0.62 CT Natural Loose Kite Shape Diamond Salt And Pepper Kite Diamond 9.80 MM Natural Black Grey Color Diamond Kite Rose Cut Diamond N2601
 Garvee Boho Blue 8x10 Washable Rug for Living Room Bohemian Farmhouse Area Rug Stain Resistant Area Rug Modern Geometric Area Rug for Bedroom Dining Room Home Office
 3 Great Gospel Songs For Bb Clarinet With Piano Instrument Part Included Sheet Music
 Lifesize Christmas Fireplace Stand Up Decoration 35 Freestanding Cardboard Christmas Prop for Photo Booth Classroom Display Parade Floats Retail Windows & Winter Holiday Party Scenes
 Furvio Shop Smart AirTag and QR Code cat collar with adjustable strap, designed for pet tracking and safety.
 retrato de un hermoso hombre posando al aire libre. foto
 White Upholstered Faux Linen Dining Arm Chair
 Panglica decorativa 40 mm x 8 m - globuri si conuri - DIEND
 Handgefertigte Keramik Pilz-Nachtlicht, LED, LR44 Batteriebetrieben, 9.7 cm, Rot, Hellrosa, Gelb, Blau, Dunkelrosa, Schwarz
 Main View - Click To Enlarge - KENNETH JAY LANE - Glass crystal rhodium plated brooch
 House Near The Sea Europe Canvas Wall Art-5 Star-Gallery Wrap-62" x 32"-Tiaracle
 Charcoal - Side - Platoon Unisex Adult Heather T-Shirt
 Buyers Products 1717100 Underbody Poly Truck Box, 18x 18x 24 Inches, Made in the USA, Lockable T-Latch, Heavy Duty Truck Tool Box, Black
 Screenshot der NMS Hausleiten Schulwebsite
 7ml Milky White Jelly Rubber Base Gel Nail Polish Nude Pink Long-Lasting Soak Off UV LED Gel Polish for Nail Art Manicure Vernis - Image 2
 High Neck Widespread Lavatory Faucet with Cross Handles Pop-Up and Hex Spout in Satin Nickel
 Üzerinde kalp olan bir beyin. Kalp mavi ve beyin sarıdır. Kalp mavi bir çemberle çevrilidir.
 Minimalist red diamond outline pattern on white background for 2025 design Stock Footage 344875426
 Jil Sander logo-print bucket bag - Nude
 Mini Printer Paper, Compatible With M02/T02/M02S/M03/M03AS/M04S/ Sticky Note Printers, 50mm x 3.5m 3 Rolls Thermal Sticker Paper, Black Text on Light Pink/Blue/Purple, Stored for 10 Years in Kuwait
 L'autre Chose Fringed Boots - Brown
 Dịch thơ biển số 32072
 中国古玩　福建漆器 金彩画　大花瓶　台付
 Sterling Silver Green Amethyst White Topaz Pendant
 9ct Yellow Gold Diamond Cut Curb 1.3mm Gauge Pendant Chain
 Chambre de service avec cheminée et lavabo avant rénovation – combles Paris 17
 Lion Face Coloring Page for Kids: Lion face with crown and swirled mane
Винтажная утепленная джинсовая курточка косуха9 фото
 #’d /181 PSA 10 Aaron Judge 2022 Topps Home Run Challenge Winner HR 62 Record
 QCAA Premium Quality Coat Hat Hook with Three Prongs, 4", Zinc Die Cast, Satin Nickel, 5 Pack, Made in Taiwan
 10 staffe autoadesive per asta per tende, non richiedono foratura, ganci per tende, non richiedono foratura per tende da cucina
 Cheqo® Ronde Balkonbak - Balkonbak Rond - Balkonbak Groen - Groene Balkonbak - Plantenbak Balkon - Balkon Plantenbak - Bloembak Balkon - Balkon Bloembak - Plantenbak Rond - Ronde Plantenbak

## PROBLEM DETAILS
Reproduce all of the records precisely. No word may differ.

## OUTPUT
0.62 CT Natural Loose Kite Shape Diamond Salt And Pepper Kite Diamond 9.80 MM Natural Black Grey Color Diamond Kite Rose Cut Diamond N2601
 Garvee Boho Blue 8x10 Washable Rug for Living Room Bohemian Farmhouse Area Rug Stain Resistant Area Rug Modern Geometric Area Rug for Bedroom Dining Room Home Office
 3 Great Gospel Songs For Bb Clarinet With Piano Instrument Part Included Sheet Music
 Lifesize Christmas Fireplace Stand Up Decoration 35 Freestanding Cardboard Christmas Prop for Photo Booth Classroom Display Parade Floats Retail Windows & Winter Holiday Party Scenes
 Furvio Shop Smart AirTag and QR Code cat collar with adjustable strap, designed for pet tracking and safety.
 retrato de un hermoso hombre posando al aire libre. foto
 White Upholstered Faux Linen Dining Arm Chair
 Panglica decorativa 40 mm x 8 m - globuri si conuri - DIEND
 Handgefertigte Keramik Pilz-Nachtlicht, LED, LR44 Batteriebetrieben, 9.7 cm, Rot, Hellrosa, Gelb, Blau, Dunkelrosa, Schwarz
 Main View - Click To Enlarge - KENNETH JAY LANE - Glass crystal rhodium plated brooch
 House Near The Sea Europe Canvas Wall Art-5 Star-Gallery Wrap-62" x 32"-Tiaracle
 Charcoal - Side - Platoon Unisex Adult Heather T-Shirt
 Buyers Products 1717100 Underbody Poly Truck Box, 18x 18x 24 Inches, Made in the USA, Lockable T-Latch, Heavy Duty Truck Tool Box, Black
 Screenshot der NMS Hausleiten Schulwebsite
 7ml Milky White Jelly Rubber Base Gel Nail Polish Nude Pink Long-Lasting Soak Off UV LED Gel Polish for Nail Art Manicure Vernis - Image 2
 High Neck Widespread Lavatory Faucet with Cross Handles Pop-Up and Hex Spout in Satin Nickel
 Üzerinde kalp olan bir beyin. Kalp mavi ve beyin sarıdır. Kalp mavi bir çemberle çevrilidir.
 Minimalist red diamond outline pattern on white background for 2025 design Stock Footage 344875426
 Jil Sander logo-print bucket bag - Nude
 Mini Printer Paper, Compatible With M02/T02/M02S/M03/M03AS/M04S/ Sticky Note Printers, 50mm x 3.5m 3 Rolls Thermal Sticker Paper, Black Text on Light Pink/Blue/Purple, Stored for 10 Years in Kuwait
 L'autre Chose Fringed Boots - Brown
 Dịch thơ biển số 32072
 中国古玩　福建漆器 金彩画　大花瓶　台付
 Sterling Silver Green Amethyst White Topaz Pendant
 9ct Yellow Gold Diamond Cut Curb 1.3mm Gauge Pendant Chain
 Chambre de service avec cheminée et lavabo avant rénovation – combles Paris 17
 Lion Face Coloring Page for Kids: Lion face with crown and swirled mane
Винтажная утепленная джинсовая курточка косуха9 фото
 #’d /181 PSA 10 Aaron Judge 2022 Topps Home Run Challenge Winner HR 62 Record
 QCAA Premium Quality Coat Hat Hook with Three Prongs, 4", Zinc Die Cast, Satin Nickel, 5 Pack, Made in Taiwan
 10 staffe autoadesive per asta per tende, non richiedono foratura, ganci per tende, non richiedono foratura per tende da cucina
 Cheqo® Ronde Balkonbak - Balkonbak Rond - Balkonbak Groen - Groene Balkonbak - Plantenbak Balkon - Balkon Plantenbak - Bloembak Balkon - Balkon Bloembak - Plantenbak Rond - Ronde Plantenbak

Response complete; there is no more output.